Unnamed: 0,geometry,neighborhoodLive,otherNeighborhood,shapeID,yearsLived
0,"POLYGON ((311834.6421283125 77460.83003325062,...",Allerton,,259,2
1,"POLYGON ((311305.0904452928 78317.74772849762,...",Allerton,,298,0
2,"POLYGON ((311189.369271409 78288.7412321083, 3...",Allerton,,5964,2
3,"POLYGON ((311199.2696228614 77331.72545917239,...",Allerton,,59957,15
4,"POLYGON ((311137.8304619553 78879.66082990178,...",Allerton,,61660,1


In [281]:
# Firstly, let's create a new field and initialise it with the 'neighborhoodLive' values.
ny_nhoods['nhood'] =  ny_nhoods['neighborhoodLive']

In [282]:
# Now update the Williamsburg Williamsbridges.
ny_nhoods.loc[(ny_nhoods['neighborhoodLive'] == "Williamsbridge") & (ny_nhoods['geometry'].centroid.bounds['maxy'] < 70000),'nhood'] = "Williamsburg"

In [283]:
Other = ny_nhoods[ny_nhoods['neighborhoodLive'] == "Other"]

In [284]:
# Construct a manual lookup to recode misspelling and pre-existing names
recode = {'Alphabet City': 'Alphabet City','Alphabet city':'Alphabet City', 'alphabet city':'Alphabet City',
          'Bath Beach':'Bath Beach','Bath beach ':'Bath Beach', 'Beechhurst':'Beechhurst',
          'Belle Harbor ':'Belle Harbor', 'Bensonhurst': 'Bensonhurst','Boerum Hill': 'Boerum Hill',
          'Central Harlem':'Central Harlem','Clinton':'Hell\'s Kitchen / Clinton','Concourse':'Concourse',
          'Crown Heights':'Crown Heights','Flushing':'Flushing','Forte george':'Fort George','Gerritsen beach':'Gerritsen Beach',
          'Gowanus':'Gowanus','Greenwood Heights':'Greenwood Heights','Hudson Heights':'Hudson Heights',
          'Hells Kitchen':'Hell\'s Kitchen / Clinton', 'Inwood': 'Inwood','Inwood Manhattan':'Inwood',
          'Kensington':'Kensington', 'Kew Gardens':'Kew Gardens','Kips Bay':'Kips Bay', 'Mahattam Valley':'Manhattan Valley',
          'Marble Hill':'Marble Hill','Marine Park':'Marine Park','Marine park ':'Marine Park','Midland beach':'Midland Beach',
          'Midtown east':'Midtown East','Midwood ':'Midwood','NoMad':'NoMad','Peter Cooper Village':'Stuyvesant Town',
          'Peter Cooper Village Stuyvesant Town':'Stuyvesant Town','ProspectLefferts Garden':'Prospect-Lefferts Gardens',
          'SoundView':'Soundview','South ozone park':'South Ozone Park','South slope':'South Slope ','St George':'St. George',
          'st George ': 'St. George','Stuyvesant Town ':'Stuyvesant Town','They call it Flatiron but its not':'Flatiron',
          'Thuglaston':'Douglaston','Windsor terrace':'Windsor Terrace','bedstuy':'Bedford-Stuyvesant',
          'carnegie hill':'Carnegie Hill','central harlem':'Central Harlem','little italy':'Little Italy',
          'nomad':'NoMad','riverdale':'Riverdale','upper west side':'Upper West Side','woodlawn':'Woodlawn',
          'Mahattam Valley':'Manhattan Valley', 'Seaport':'South Street Seaport','University heights':'University Heights',
         'Saint Albans': 'St. Albans'}

print "Recoded drawings:", Other[Other['otherNeighborhood'].isin(recode.keys())].count()[0]

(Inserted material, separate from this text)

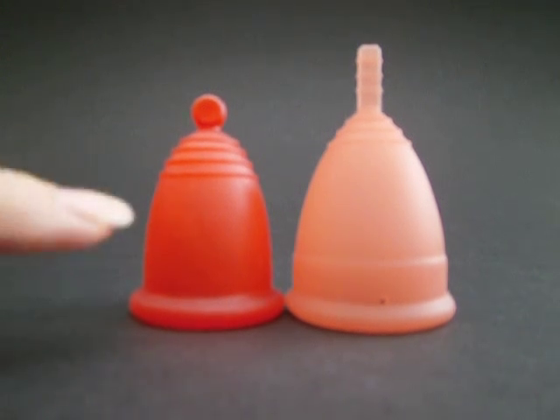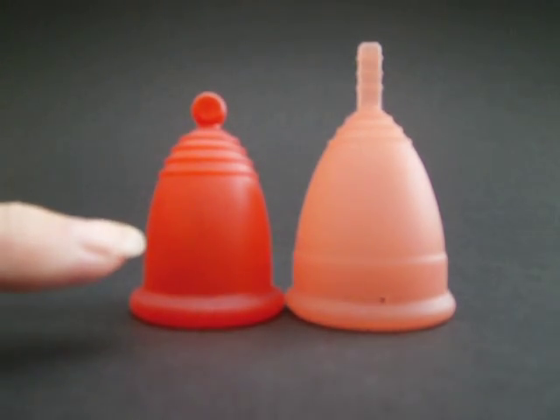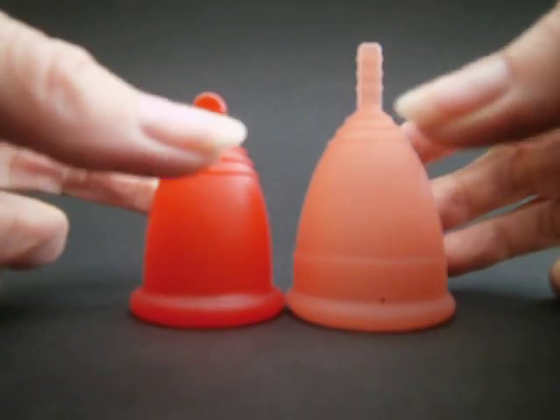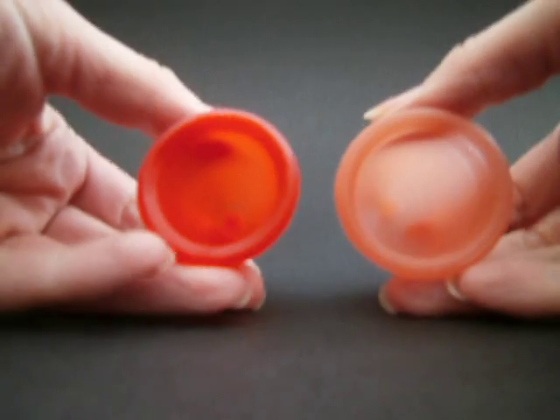It compares the stiffness of the Medium Meluna Classic and the Large Lunette — this is the Coral Ane colour. This just compares the stiffness of the two cups.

# Recode the 'nhood' field to reflect pre-existing 'Other' neighborhoods
for i in recode.keys():
    # Recode in main dataset
    ny_nhoods.loc[ny_nhoods['otherNeighborhood']==i,'nhood'] = recode[i]
    # Remove from consideration in other dataset
    Other = Other[Other['otherNeighborhood'] != i]

Recoded drawings: 62


In [285]:
# Remove comments and empty, invalid, or inappropriate values.
# Includes neighborhoods in Nassau or Westchester Counties, and New Jersey State. 
exclude = ['','a','Durham NC','Stockholm','My neighborhood','Five Towns','Poop','Fleetwood',
           'manhasset','garden city park','Kearny','New Amsterdam','No Mans Land','Yonkers',
           'Elmont','Valley Stream','Malverne','Journal Square','Great neck','Edgewater',
           'Rebeca','Hoboken ','Im just curios','hi','Great Neck','Highland Park Minnesota',
           'Paulus Hook','Wanker','Where I want to live','Floral park','My House','Hoboken',
           'uaBBar','Hempstead','just want to see map','Rockville Centre','No name',
           'Downtown Jersey City','dick butt','Dickbutt','Harsimus Cove','Crestwood','Los Angeles',
          'Floral Park','Carteret','Cedarhurst','Great Neck ','Five towns','Remsen Village',
          'Floral park ','Oceanside','Bergen Square','West New York']

print "Deleted Drawings:",Other[Other['otherNeighborhood'].isin(exclude)].count()[0]
# Remove from Other Dataset
Other = Other[~Other['otherNeighborhood'].isin(exclude)]
# Remove from main dataset
ny_nhoods = ny_nhoods[(~((ny_nhoods['neighborhoodLive']=='Other') & (ny_nhoods['otherNeighborhood'].isin(exclude))))]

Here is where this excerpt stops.